◆ **Work task**
Using the listing below, copy exactly each line from the one that has "创尔特燃气灶厂专业售后客服教你㊤燃气灶安全节能，家庭烹饪新选择" through the one that has "Σύγκρουση Μητσοτάκη-Τσίπρα σήμερα"; omit the pictures.

◆ **Recorded information**
§
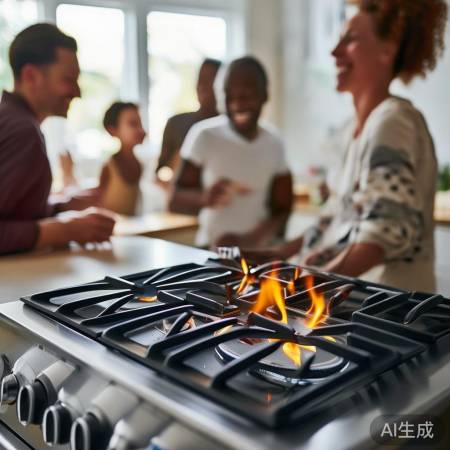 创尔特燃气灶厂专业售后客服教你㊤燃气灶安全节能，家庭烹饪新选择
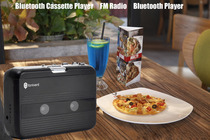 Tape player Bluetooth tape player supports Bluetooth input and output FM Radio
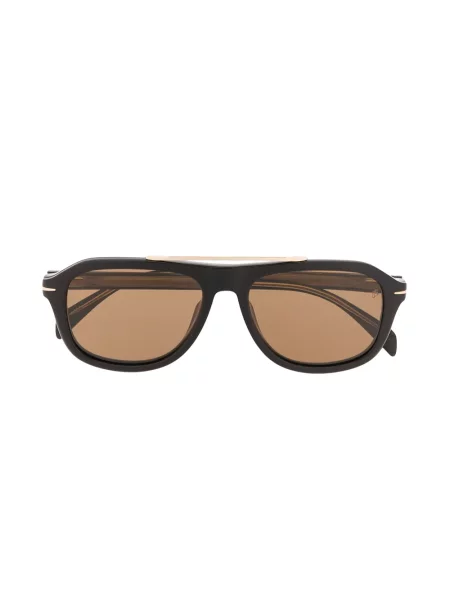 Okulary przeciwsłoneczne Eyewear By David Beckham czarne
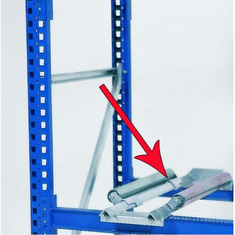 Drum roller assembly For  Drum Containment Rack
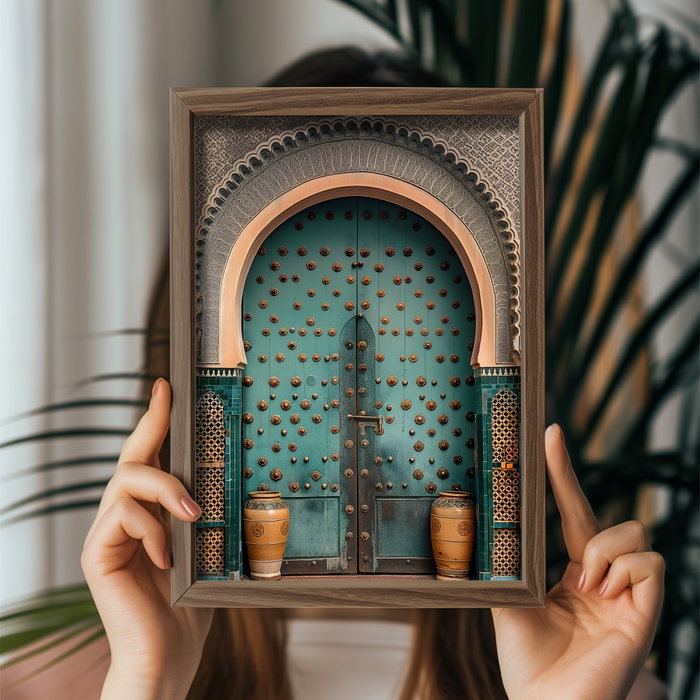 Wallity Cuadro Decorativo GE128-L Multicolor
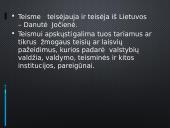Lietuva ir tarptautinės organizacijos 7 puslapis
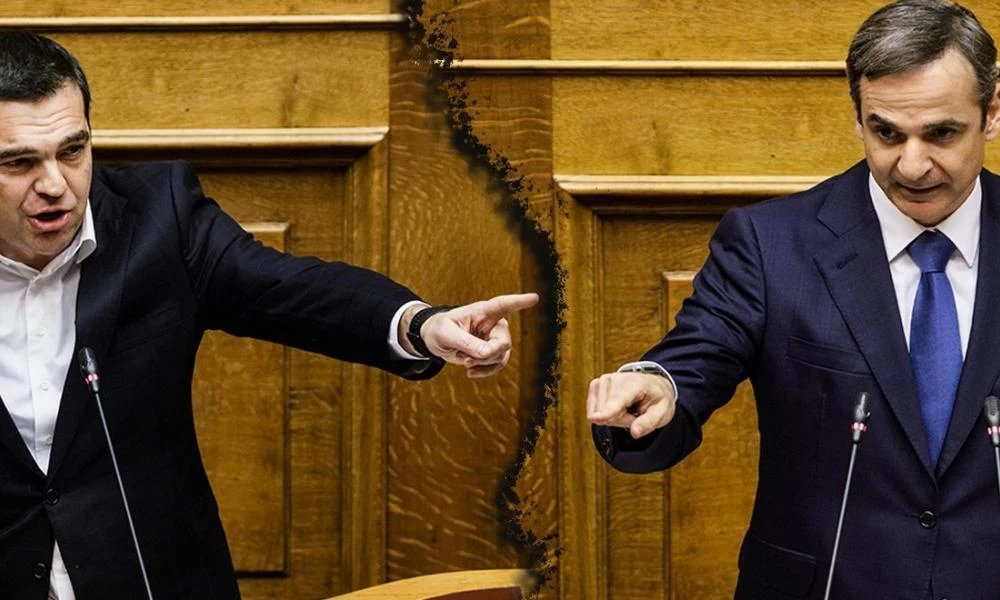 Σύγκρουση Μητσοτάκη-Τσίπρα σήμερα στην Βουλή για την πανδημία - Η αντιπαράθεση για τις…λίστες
§
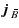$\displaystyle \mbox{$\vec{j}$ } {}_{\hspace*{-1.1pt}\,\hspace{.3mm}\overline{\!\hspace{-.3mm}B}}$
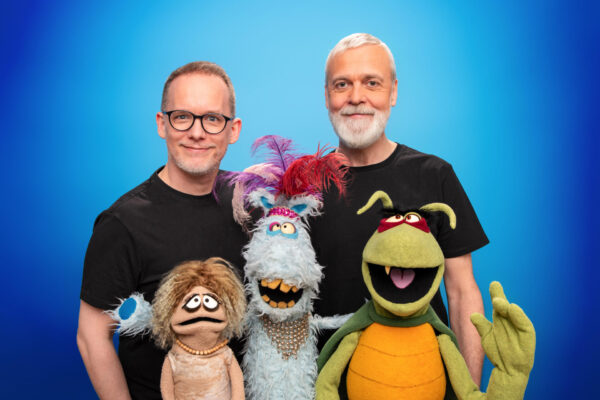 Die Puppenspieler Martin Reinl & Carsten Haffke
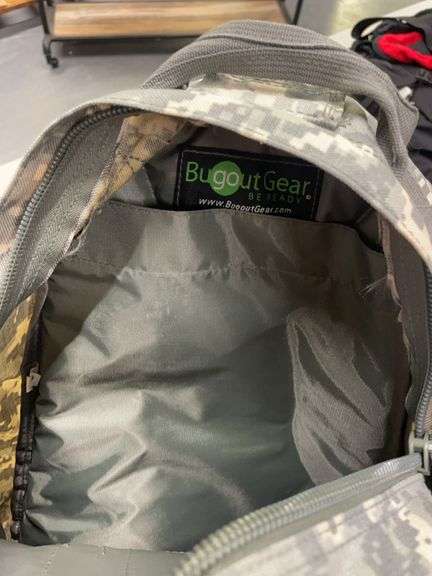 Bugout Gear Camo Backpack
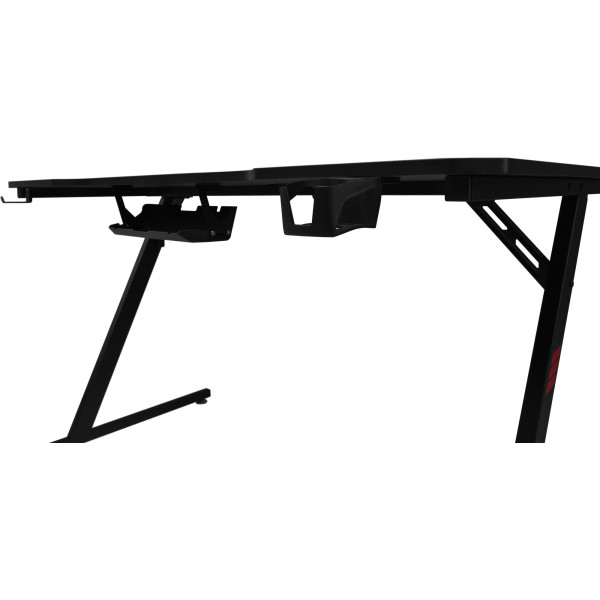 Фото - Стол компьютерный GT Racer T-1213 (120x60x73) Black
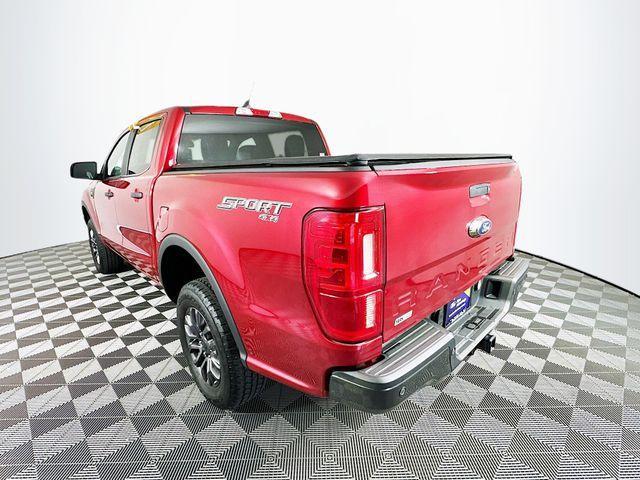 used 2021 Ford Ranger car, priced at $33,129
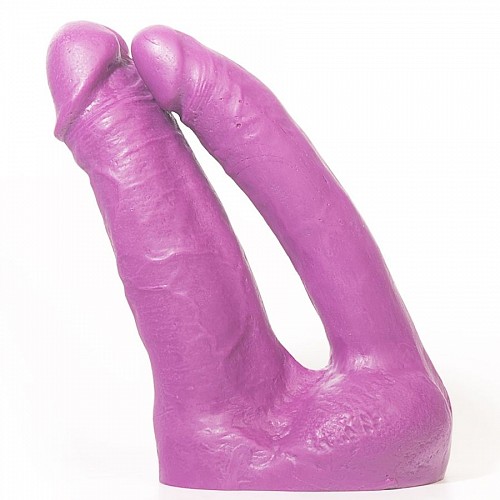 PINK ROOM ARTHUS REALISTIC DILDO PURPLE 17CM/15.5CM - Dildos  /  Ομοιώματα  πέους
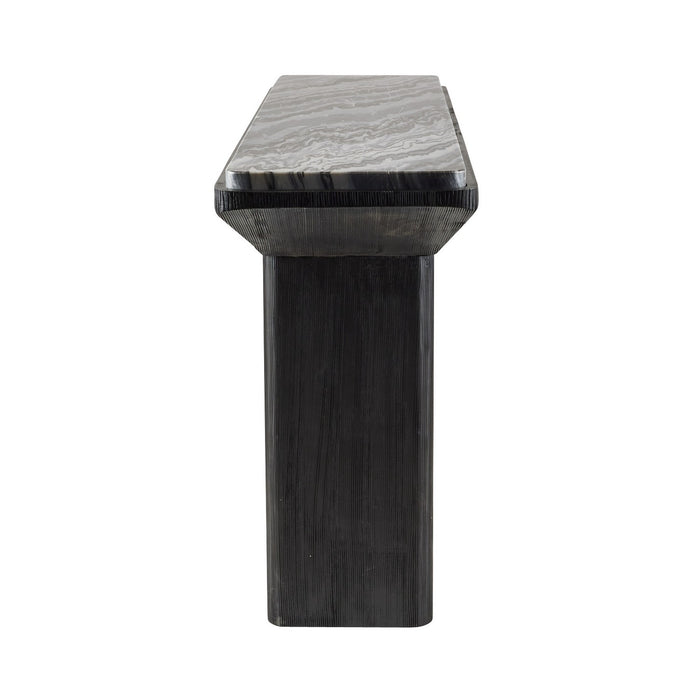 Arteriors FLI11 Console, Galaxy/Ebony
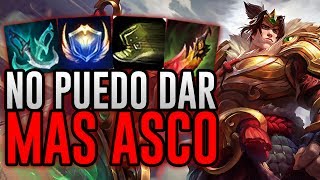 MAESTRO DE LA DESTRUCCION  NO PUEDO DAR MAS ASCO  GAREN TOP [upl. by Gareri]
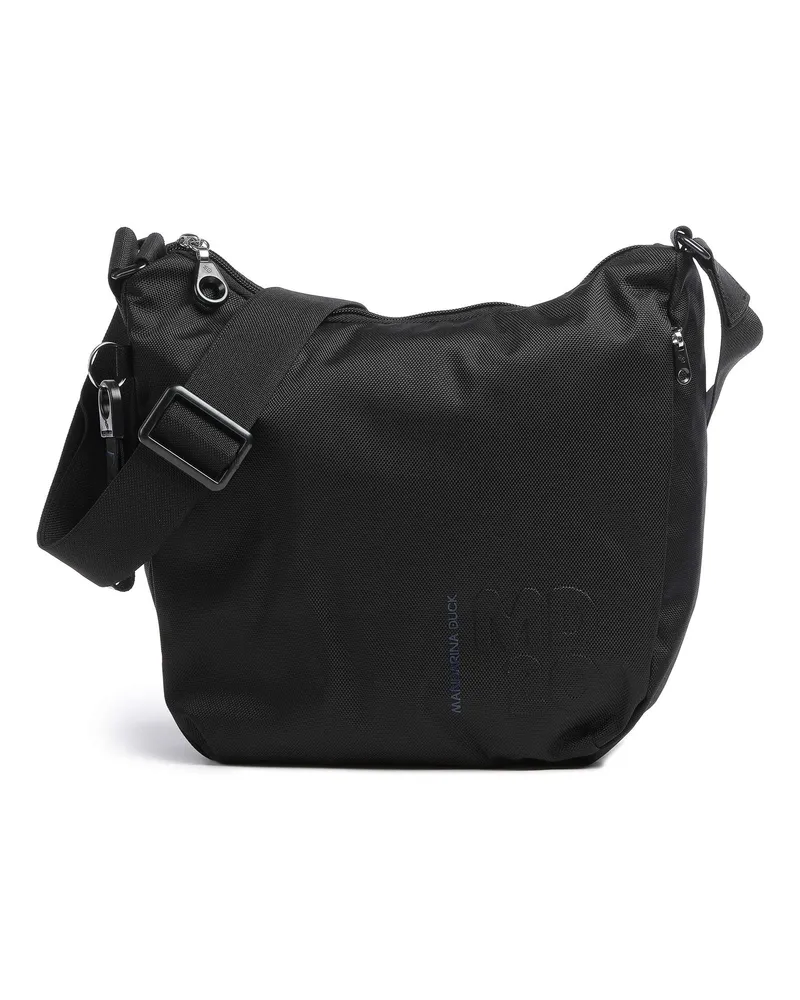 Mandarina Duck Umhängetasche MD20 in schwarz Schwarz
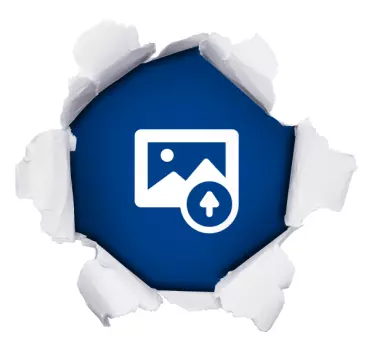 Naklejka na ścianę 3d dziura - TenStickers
§
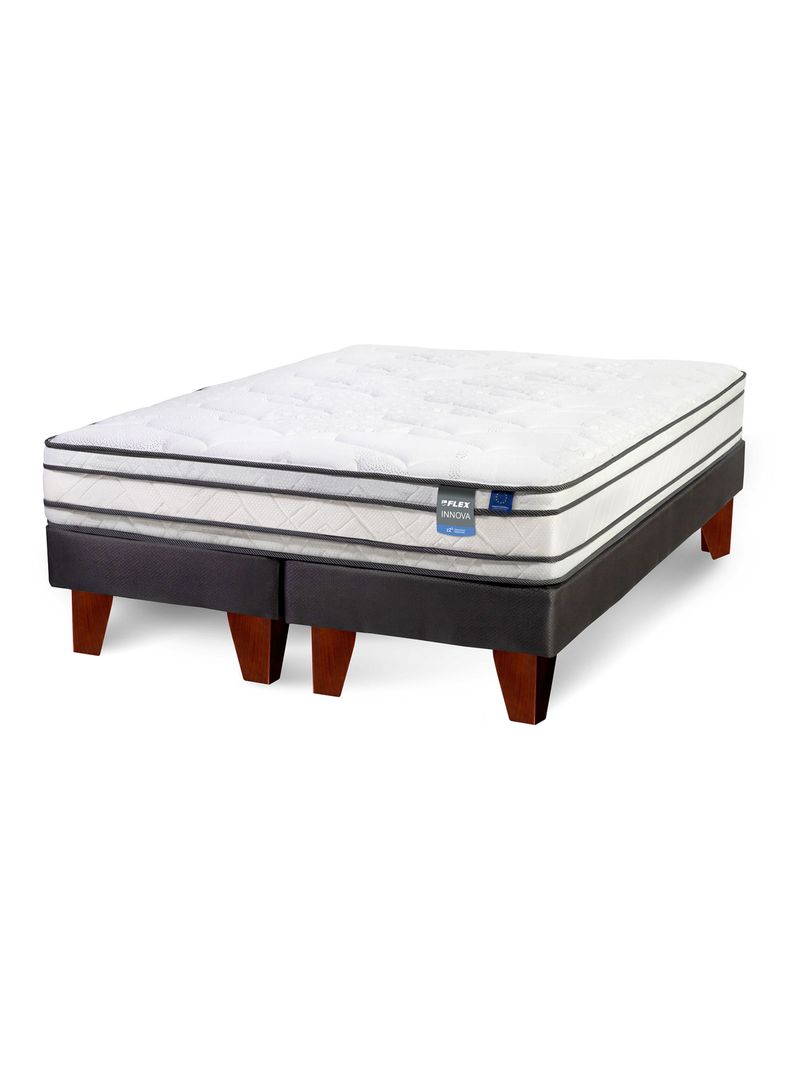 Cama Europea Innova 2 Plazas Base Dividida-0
§
◆ **Answer space**
 创尔特燃气灶厂专业售后客服教你㊤燃气灶安全节能，家庭烹饪新选择
 Tape player Bluetooth tape player supports Bluetooth input and output FM Radio
 Okulary przeciwsłoneczne Eyewear By David Beckham czarne
 Drum roller assembly For  Drum Containment Rack
 Wallity Cuadro Decorativo GE128-L Multicolor
Lietuva ir tarptautinės organizacijos 7 puslapis
 Σύγκρουση Μητσοτάκη-Τσίπρα σήμερα στην Βουλή για την πανδημία - Η αντιπαράθεση για τις…λίστες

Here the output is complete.